Hasta ahí reconozco a Melville. Pero este otro tipo que por instantes aparece en la obra me excede, hay que rastrearlo en la niebla (los diccionarios), compartir su regocijo por la pura espuma que la marea deja entre los escombros de coral: una vida no orgánica (¿rota?) en las playas del pensamiento que apenas caracolean un rostro humano como esas valvas que él va desencontrando, una cara hecha de a pedazos, de restos, hecha al fin con un débil cúmulo de sal y sangre.
(Vaya a saber uno cuándo, por qué y cómo alguna vez y en qué naufragio personal del poeta Cisnero fue vertida).
¿Fue así acaso? ¡Pero qué sabe uno de la memoria, los deslices, la adolescencia (la decencia) de otro, de sus fabulaciones y deseos! Se escribió este libro (parece) como si se pudiera reconstruir un ser que ya no pertenece al mundo, dar vida a una especie de figura, arrancada de la figuración pero despojada de cualquier función representativa: no puedo encontrar otra Razón de su escritura: dar apariencia de vida a un otro Ahab, Ajab: una otra gota de tinta entresacada de la gota de tinta original, aquella que no se extinguirá jamás y ésta del presente que no es una sutil aspiración del nombre propio sino casi un grito del mar, una palabra que despierta en la mente la certeza de que existe más allá de toda comprensión un mundo colérico, desolado, insaciable e inextinguible, propicio para las visiones, la también inextinguible fantasía de abandono (locura). Dos gotas de tinta -decía- en un mar colérico de verbos y adjetivos antojados, dos gotas que entre sí se atraen, embarcada una en la antigua Sopena hace siglos y esta más luego, reciente, en Barnacle, hará un par de años. A esta altura sólo puedo decir que quien no leyó Moby Dick debe abstenerse de leer Ajab, y que se joda entonces, porque se pierde la posibilidad de entender cómo una idea se transforma en materia por el genio, y cómo el cuerpo de un hombre se transforma en idea y se regenera poema por el poeta.

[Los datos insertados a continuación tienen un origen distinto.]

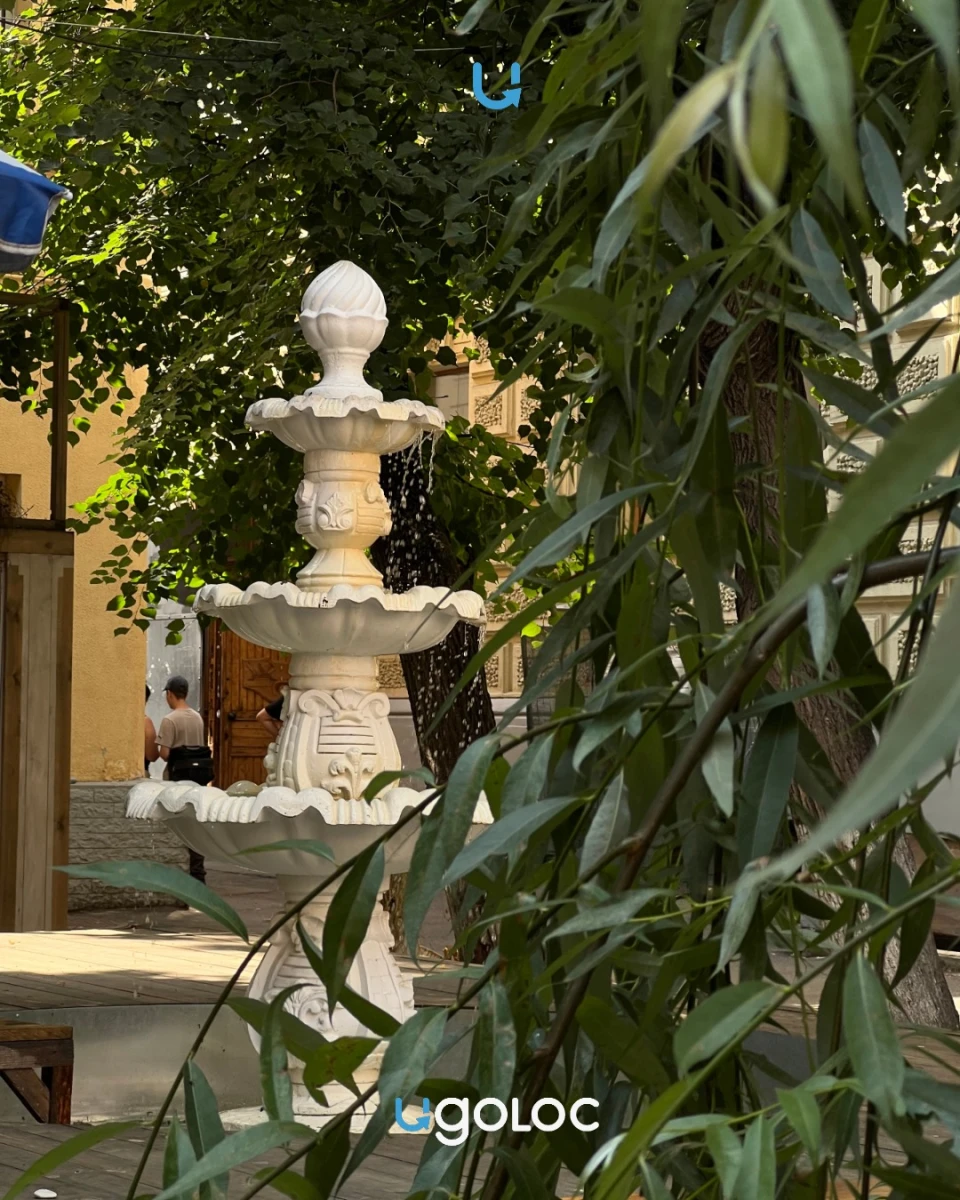 Фонтан на Чаплыгина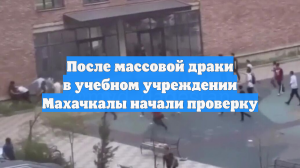После массовой драки в учебном учреждении Махачкалы начали проверку
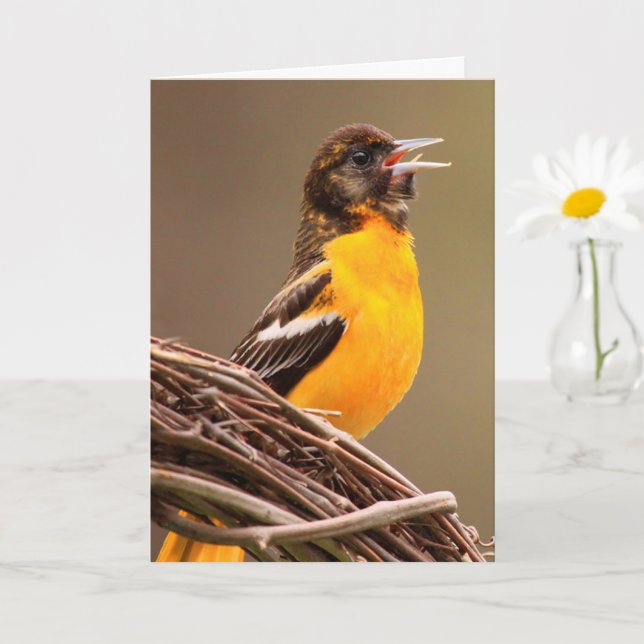 Joyful Oriole Birthday Card (Small Plant)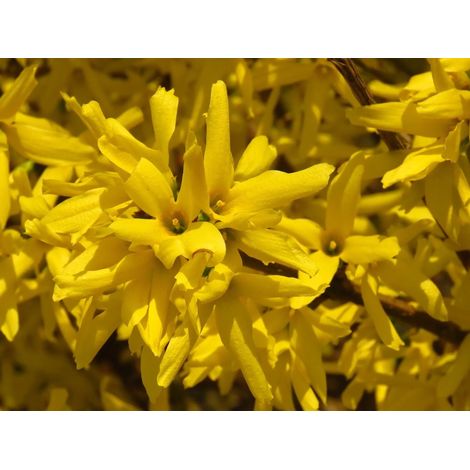 Gardenaria Forsizia - Forsythia intermedia 'Mikador' - Arbusto ornamentale da giardino - Altezza: 40/60 cm (vaso19) (1/5)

Notable sustitución de personajes, para nada simbólicos. Ishmael, Starbuck, el propio Ahab, Cisnero, Moby Dick, todos son uno Real en Ajab. Cuesta reconocerlos pero ahí los ves sonreír entre el aguijonear de temas: cuando el aire está seco de almas suelen aparecer éstas en libros ajenos para enseñar con desastres o esa cosa rara (cisnereana) de hacerlos revivir olvidados con sus sueños y locura a cuestas, a comprender qué somos (fuimos) (seremos), unos nadies (sin duda). Sí, como por ahí dice Girri por ahí: nadies a los que sin embargo ninguna mutación temporal afecta. Ajab es una prueba. El poema, un magnífico homenaje a Melville, quien supo entrever pero ni pudo capturar los tesoros del mar. Como dice Deleuze de Moby Dick (habrá que pensar lo mismo de Ajab): un gran libro es siempre el anverso de otro libro que sólo se escribe en el alma con silencio y sangre.